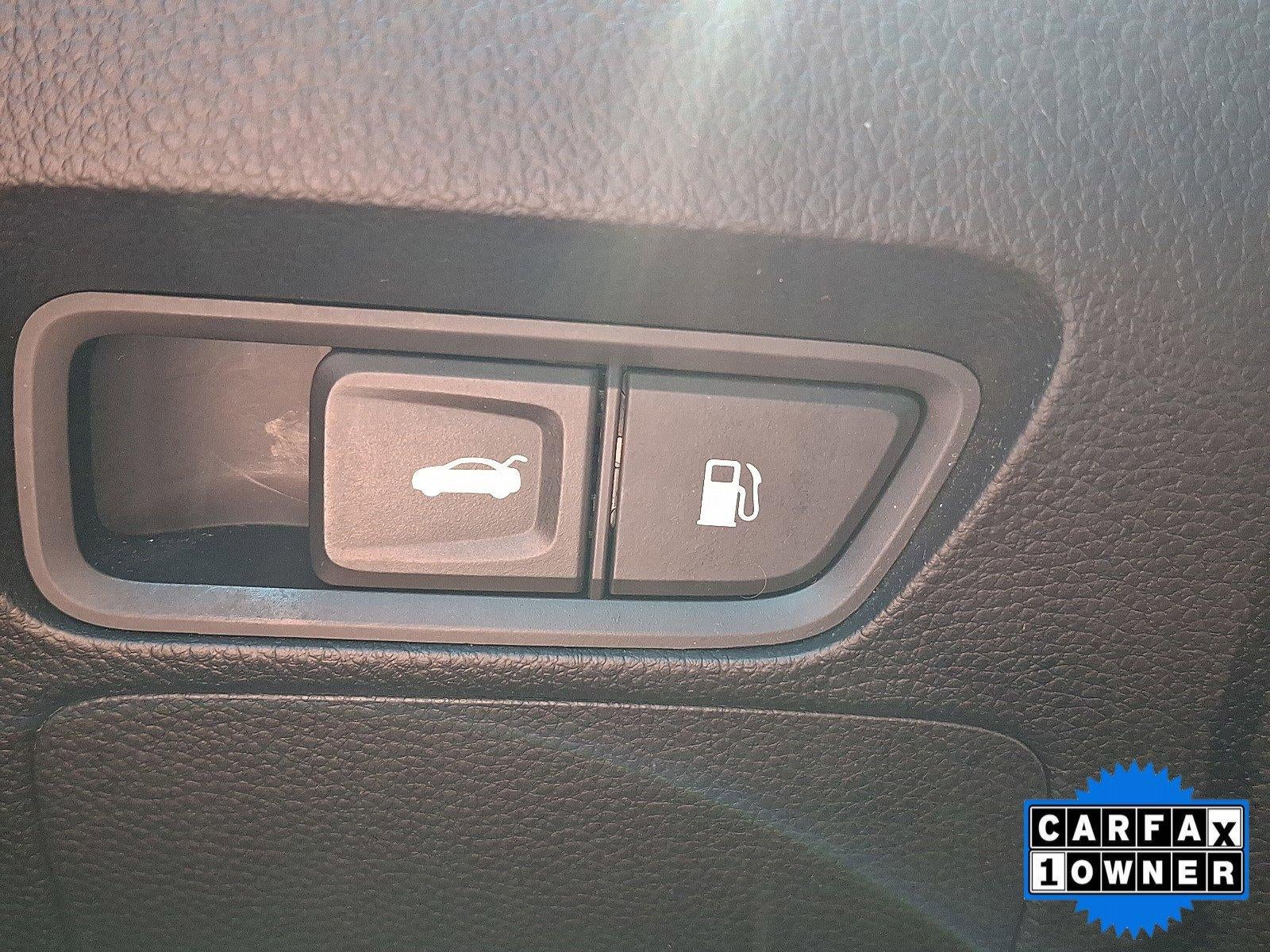 2013 Hyundai AZERA 4Dr Sdn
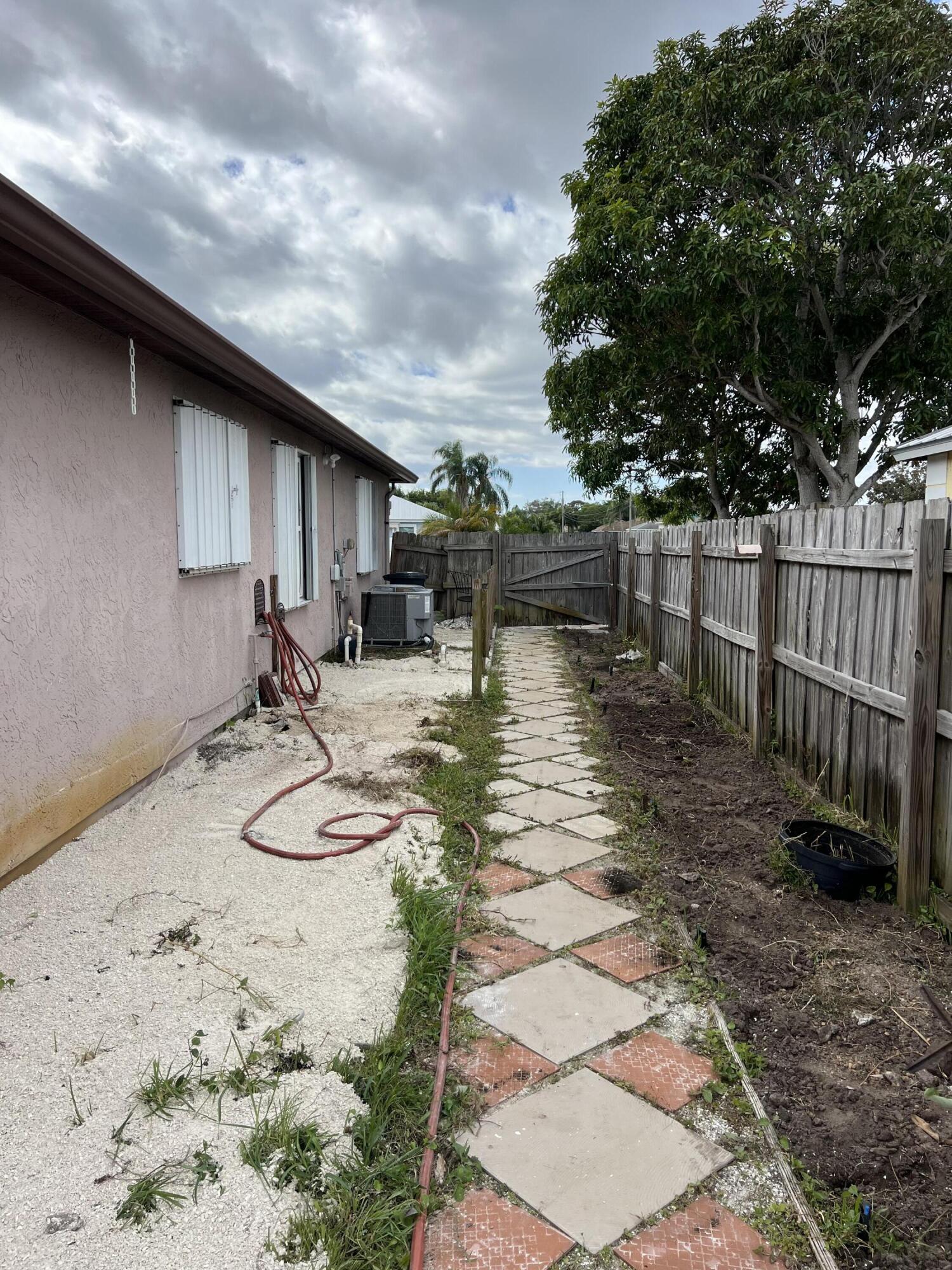 1561 Se Appamattox Terrace Property Photo 10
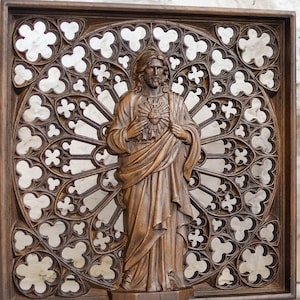 Estatua de madera del Sagrado Corazón de Jesús: Arte mural cristiano intrincadamente tallado. imagen 10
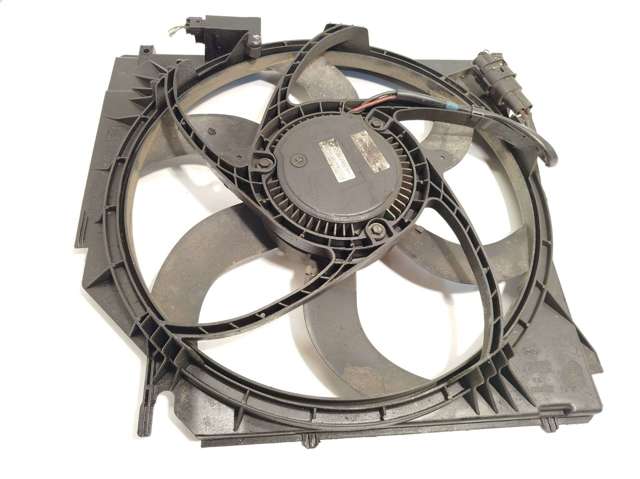 Difusor do radiador de esfriamento, montado com motor e roda de aletas 67326925702 BMW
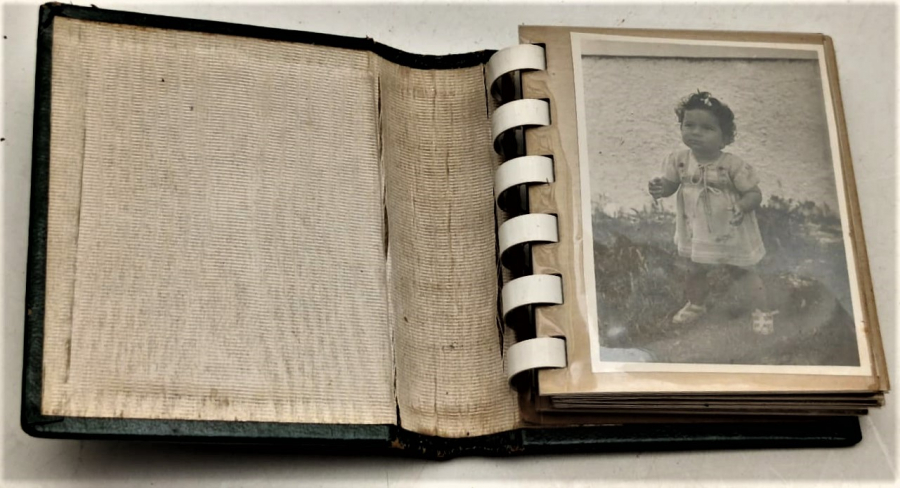 1950 PHOTOS ARTAOMUR BENUIMB LEATHER ALBUME FOTOGRAF ALBUMU İSTANBULDA CEKİLMİŞ SİYAH BEYAZ FOTOGTAFLAR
########################################
### WORK INSTRUCTIONS
A verbatim transcription of the listing is expected, with no pictures included.

### OUTPUT
 2013 Hyundai AZERA 4Dr Sdn
 1561 Se Appamattox Terrace Property Photo 10
 Estatua de madera del Sagrado Corazón de Jesús: Arte mural cristiano intrincadamente tallado. imagen 10
 Difusor do radiador de esfriamento, montado com motor e roda de aletas 67326925702 BMW
 1950 PHOTOS ARTAOMUR BENUIMB LEATHER ALBUME FOTOGRAF ALBUMU İSTANBULDA CEKİLMİŞ SİYAH BEYAZ FOTOGTAFLAR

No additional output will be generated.